Loin, très loin dans la montagne, Youssef connaissait un berger. Autrefois, il avait été un savant, puis il avait fui les hommes et leurs folies, d’abord au village où Youssef enfant l’avait connu, puis loin, encore plus loin. Quand il ne soignait pas ses moutons, il écrivait, méditait ; il connaissait aussi les vertus des plantes. Il accueillit les fugitifs, qui restèrent cachés, le temps que la jeune femme se rétablisse. En attendant, Youssef organisait leur départ pour l’étranger.

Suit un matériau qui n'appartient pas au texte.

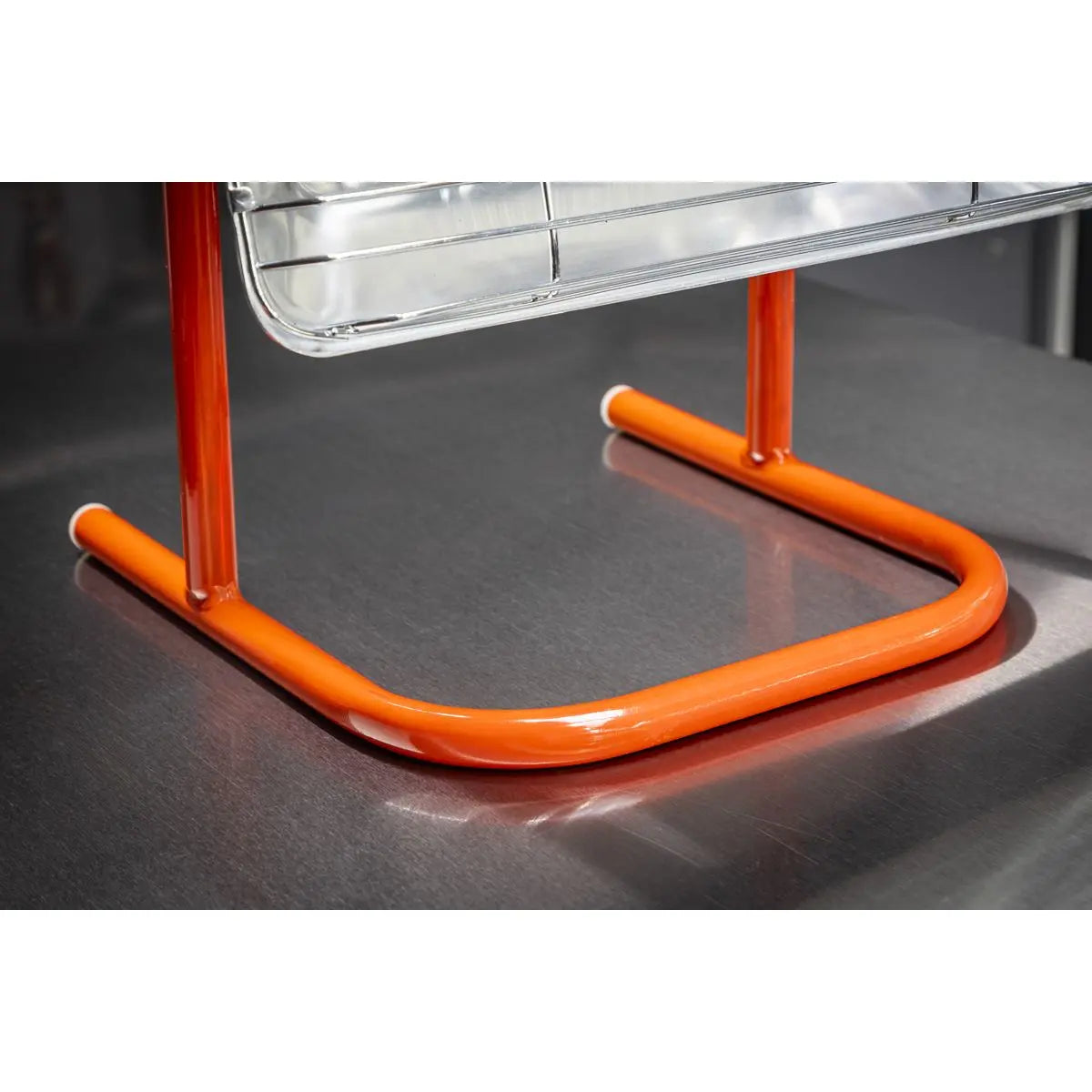 Sealey Space Warmer® Propane Heater with Stand 10,250-15,354Btu/hr 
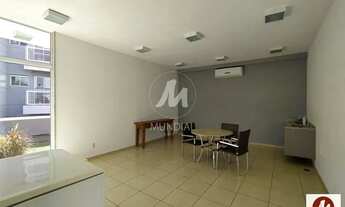 Imagem 14: Apartamento (tipo - padrao) 1 dormitórios, cozinha planejada, portaria 24 horas, lazer, sa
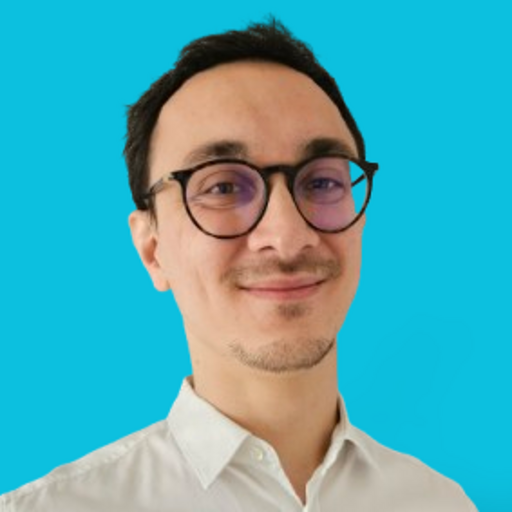 Yohan Le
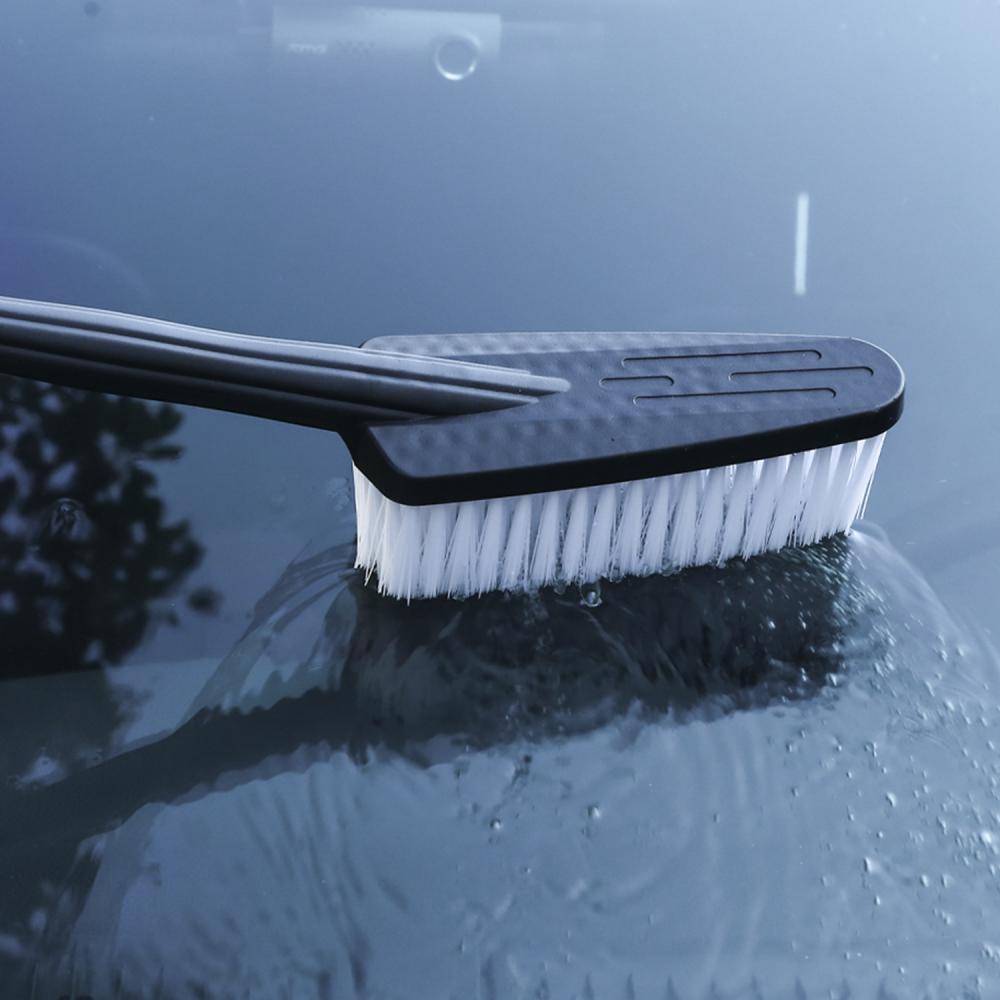 Мойка высокого давления DEKO DKCW180 PRO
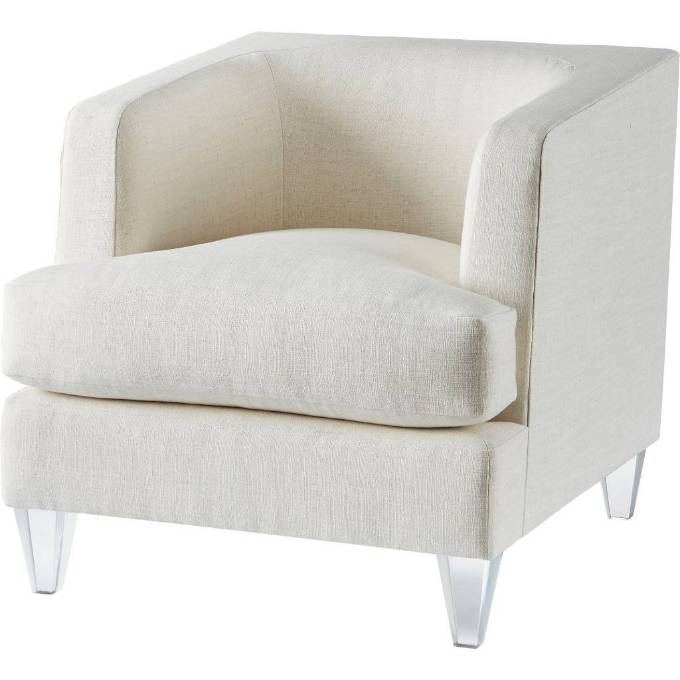 Picture of TAYLOR LOUNGE CHAIR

De cars branlants en cales de bateaux, de fourgons de trains en véhicules cahotants, il avait traîné Myriam absente et silencieuse jusqu’à cette ville glacée et inhospitalière. Quand elle avait vu son ventre s’arrondir, elle avait eu une crise de désespoir et de révolte. Ils étaient alors dans une situation telle qu’il était impossible d’interrompre la grossesse sans risquer la vie de Myriam. Elle avait voulu se tuer, Youssef avait pu l’en empêcher ; alors, muette, elle l’avait suivi. Elle marchait derrière lui, silencieuse, rien ne la concernait plus. Dormait-elle quand elle fermait les yeux ?
Ils marchaient le long des quais sans rencontrer âme qui vive. Des voitures les croisaient faisant gicler l’eau de la chaussée humide, les éclaboussant quand ils étaient trop près. Myriam, sans une plainte portait de temps à autre les mains à son ventre. Youssef s’affolait ; elle n’allait tout de même pas accoucher là, sur le trottoir…. !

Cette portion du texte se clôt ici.